Jean-Louis Forain (1852-1931), geboren in Reims, zog 1860 mit seiner Familie nach Paris. Das Leben in der Hauptstadt, aufregend und aufreibend zugleich, war ihm wohl bekannt. Nach gescheiterten Ausbildungsversuchen an der Ècole des Beaux-Arts sowie bei privaten Lehrern (darunter der Bildhauer Jean-Baptiste Carpeaux) gehörte Forain als künstlerischer Autodidakt in den 1870er- und 80er-Jahren zu der Bohème in Paris. Zu seinen engsten Freunden zählten der Künstler Edgar Degas und der Dichter Arthur Rimbaud. Spätestens seit seiner ersten Ausstellung im Pariser Salon 1879 und seiner Beteiligung an den Ausstellungen der Impressionisten war er ein beachteter Künstler. 1925 wurde er zum Präsidenten der Société Nationale des Beaux-Arts ernannt.

Forains provokante Radierung "Marthe" wurde als zu implizit abgelehnt

Neben seiner Tätigkeit als Maler erschienen Forains satirische, oftmals politische Karikaturen in den Tages- und Wochenzeitungen. Die kritischen Zeichnungen waren unter den Pariser Lesern so beliebt, dass man sich untereinander fragte: "Hast du schon den neusten Forain gelesen?". 1889 gründete er schließlich eine eigene Zeitung, "Le Fifre". Bereits drei Jahre später erschien ein erster Sammelband, "La Comédie Parisienne".

Auch zur literarischen Welt unterhielt er Verbindungen. Sein Freund und Förderer, der Romancier und Kunstkritiker Joris-Karl Huysmans brachte 1876 seinen ersten, äußerst umstrittenen Roman "Marthe. Histoire d'une fille" heraus, eine realistische Erzählung über eine französische Prostituierte. Zu der Schrift, die nach ihrem Erscheinen zunächst verboten wurde, fertigte Forain die ebenso provokante Radierung "Marthe" an. Die ursprüngliche Version einer Frau, die sich dem Betrachter in direkter Pose, nichts außer geringelter Strümpfe, Schuhe, Schmuck und einen Schirm tragend zuwandte, wurde jedoch als zu implizit abgelehnt. Daraufhin entstand das heute bekannte Frontispiz für "Marthe" (1879), auf welchem die junge Frau mit entblößter Brust, selig entrücktem Blick und einer Weinflasche im Arm gezeigt wird.

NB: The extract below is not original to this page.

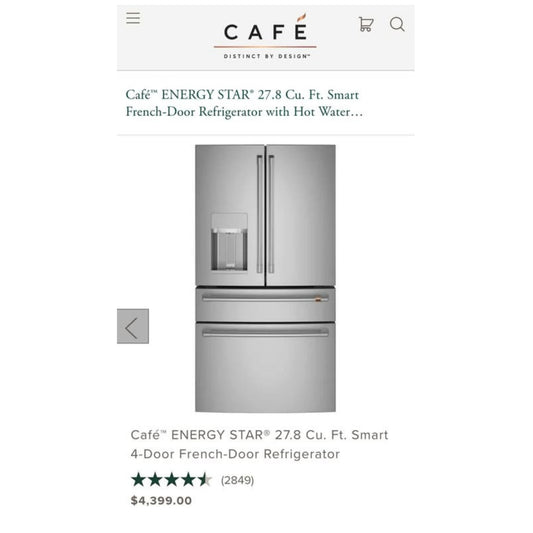 A product listing page showing a Café Energy Star 27.8 cu.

Das Bild ist ein augenzwinkernder Kommentar Forains an die strengen Zensurbestimmungen, wie auch ein Seitenhieb auf die ausschweifenden Alkoholfreuden seiner Zeit. Die Aquarelle "L’Absinthe ou l’ouvrier demandant du champagne" (1885) und "À la guinguette" (1880) spielen auf die beliebte grüne Kräuterspirituose Absinth an, der ein mancher am Montmartre verfallen war, sowie die Guinguettes, kleine Kneipen oder Gartenlokale am Stadtrand von Paris, in denen es günstigeren Wein gab und die schnell Anlaufpunkt für die Bohème wurden. Vincent van Gogh porträtiert mit "La Guinguette à Montmartre" (1886) eines dieser Lokale, Renoirs berühmtes Gemälde "Das Frühstück der Ruderer" spielt ebenso in einer jener Guinguettes. Doch es sind Forains Aquarelle, die nicht die malerische, romantische Atmosphäre der Gartenlokale einfangen, sondern mit unverklärtem Blick und Witz den simplen Akt des Trinkens darstellen. 

Jean-Louis Forain war in jeglicher Hinsicht ein Mann seiner Zeit. Obgleich er in den Künstlerkreisen der Bohème um den Montmartre zu Hause war, hat er sich die Fähigkeit bewahrt, das Geschehen wie ein Außenstehender zu beobachten. So sind zurückhaltende Malereien und scharfsinnige Zeichnungen entstanden, die von ausgesprochener Beobachtungsgabe zeugen. Das verwundert kaum, erklärte er doch selbst, dass es seine Lebensaufgabe sei, vom Alltag zu berichten.